I forgot a little something from my childhood and then remembered it today with a huge smile. It’s a book. You see, I usually tell folks my four favorite works of fiction are as follows:
The Lord of the Rings-Because I love the epic nobility and sacrifice of the tale and the incredible depth of Tolkien’s world.
The Once and Future King-Because T.H. White was a genius and his understanding of politics, people and history, beautifully rendered in this classic Arthurian cycle taught me to think and observe at an early age.
Watership Down-Because I inherently understood the politics and epic scope of the story, even if it was about bunnies! This may have influenced my leadership style more than any book I’ve ever read, and made me understand the difference between liberty and totalitarianism before I was even in Junior High School. Thank you, Richard Adams.
A Wrinkle in Time-I learned so much from different books, but Madeleine L’engle taught me to love to read. Also, her near-perfect blend of smart science fiction, fantasy and Christianity probably affected my path more than I can imagine.
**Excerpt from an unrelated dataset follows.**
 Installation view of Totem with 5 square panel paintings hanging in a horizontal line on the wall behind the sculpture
Those have been my favorite books. But I remembered something today. When I was about nine years old I was staying at my Grandmother’s house one summer. We called her Memaw. She taught me to read by sitting me on her lap, so young that I don’t remember the first time. She did the same for her other grandson, Trent. We were her only two and neither of us would trade all those stories and love for anything. She taught me to love stories. Well, that summer, when I was getting old enough to be a little weird about being read to or sitting on anyone’s lap, I was at my grandparents house, and I was bored. I was going through old pictures and stuff in a back closet when I stumbled upon an old, leather bound book with yellow pages. On the cover it said:
The Merry Adventures of Robin Hood by Henry Pyle.
Now all I knew of Robin Hood at this point I learned from Disney, and to this day, I dearly love that old animated film with the Fox as Robin and Little John the bear; with that incredible cast of voice actors including the amazing Peter Ustinov as Prince John. I loved the story as I knew it, so I settled into the old ‘story chair’ and started reading. It was wonderful!
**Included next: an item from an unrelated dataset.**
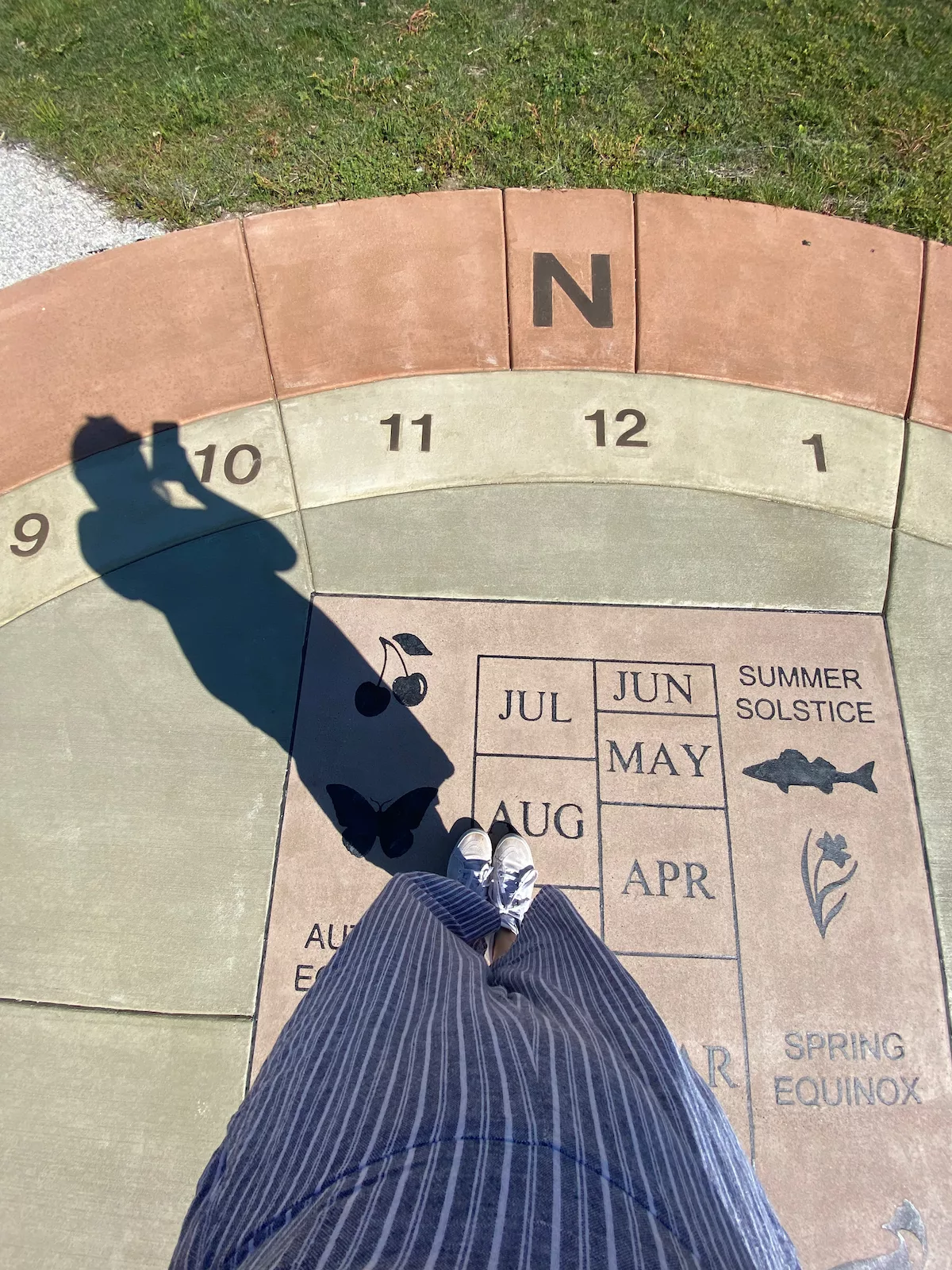 Person standing on Joan and John Evans Legacy Sundial in Lions Park in Janesville, Wisconsin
The book was filled with laughing rogues and rollicking fights; archaic language and action; high romance and rebellion against injustice!! It may not be the book that made me a reader, but it certainly was the book that made me love the stories I still gravitate towards, even at fifty! And my favorite character, then and now, was Friar Tuck. When my father showed me the Errol Flynn version of the film, Tuck being played by the inestimable Eugene Pallette, those stories stuck in my mind forever.
It’s funny, what turned out to be a false narrative in the news this week is what made me remember. It was reported that our governor had made calls to several pastors asking them tell their congregations to pressure their representatives to back a certain piece of legislation; turns out the facts weren’t so cut and dried, but my reaction was!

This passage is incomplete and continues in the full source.